Desenchufada, la Admira Eva-E presenta una pronunciada falta de graves, achacable a su escaso fondo, pero responde muy bien en las cuerdas agudas. Por desgracia, esa misma carencia se encuentra también en el sonido amplificado, ya que la mayoría de los piezoeléctricos tienden a destacar los agudos hasta producir sonidos casi metálicos. Una buena solución sería incorporar un micro a la mezcla, preferiblemente interno, ya que de este modo se podría tapar la boca para evitar acoples.

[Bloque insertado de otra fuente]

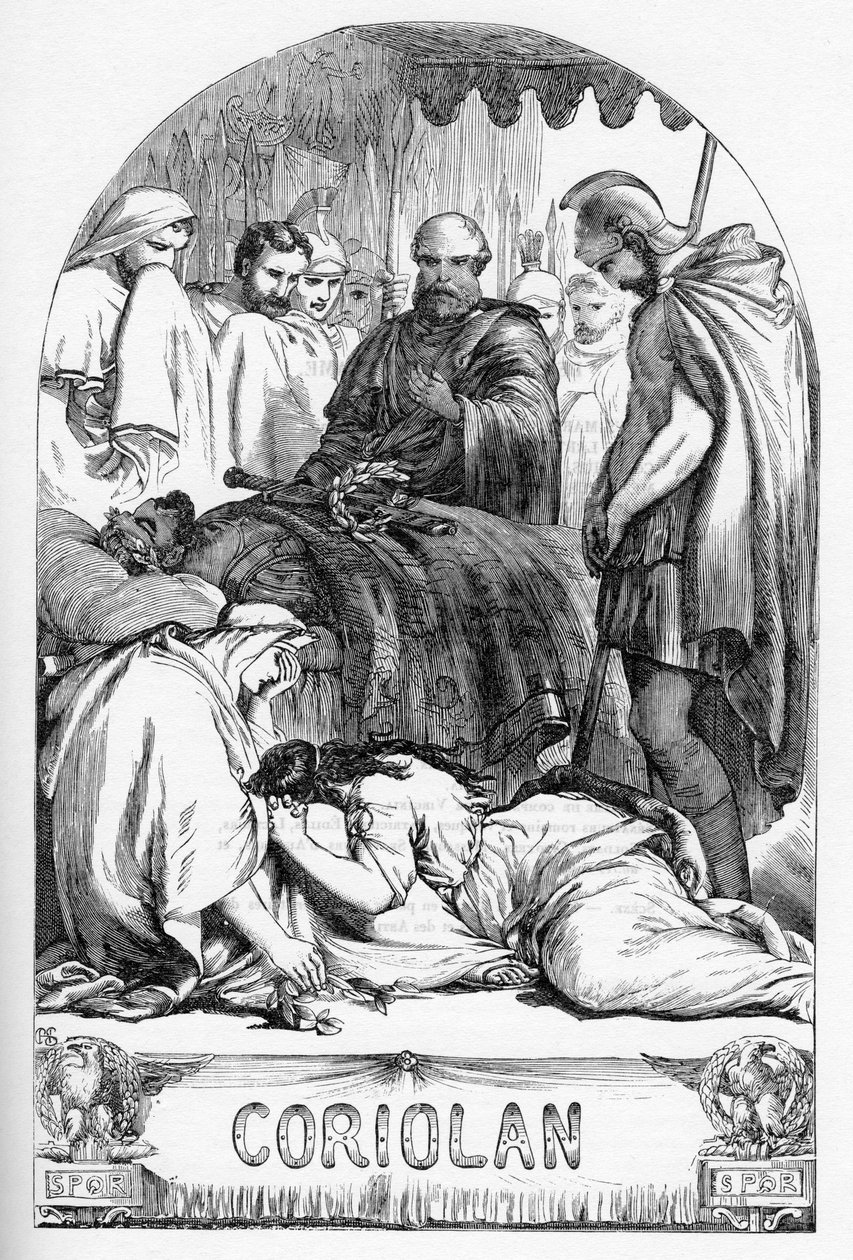 Coriolano - Illustrazione in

De todas las ecualizaciones que probé, mi favorita es brillo y medios al 50% y graves y agudos al 100% con el filtro anticople totalmente anulado.

Conclusión

La Eva-E es una guitarra pensada para tocar en escenario y, creo yo, en grupo, ya que un intérprete que actúe en solitario notaría en exceso su falta de graves. Se ha sacrificado una parte del sonido y la posibilidad de un mayor volumen a la comodidad. Si tu prioridad es hacer un colchón de acordes sobre una base rítmica completa (con un teclista o bajista suministrando graves suficientes), te puede resultar interesante.
Aunque tiene competidores muy serios en el mercado que también debes probar, la Admira Eva-E es tán pequeña que te podrás mover con ella por el escenario casi como si no llevaras guitarra.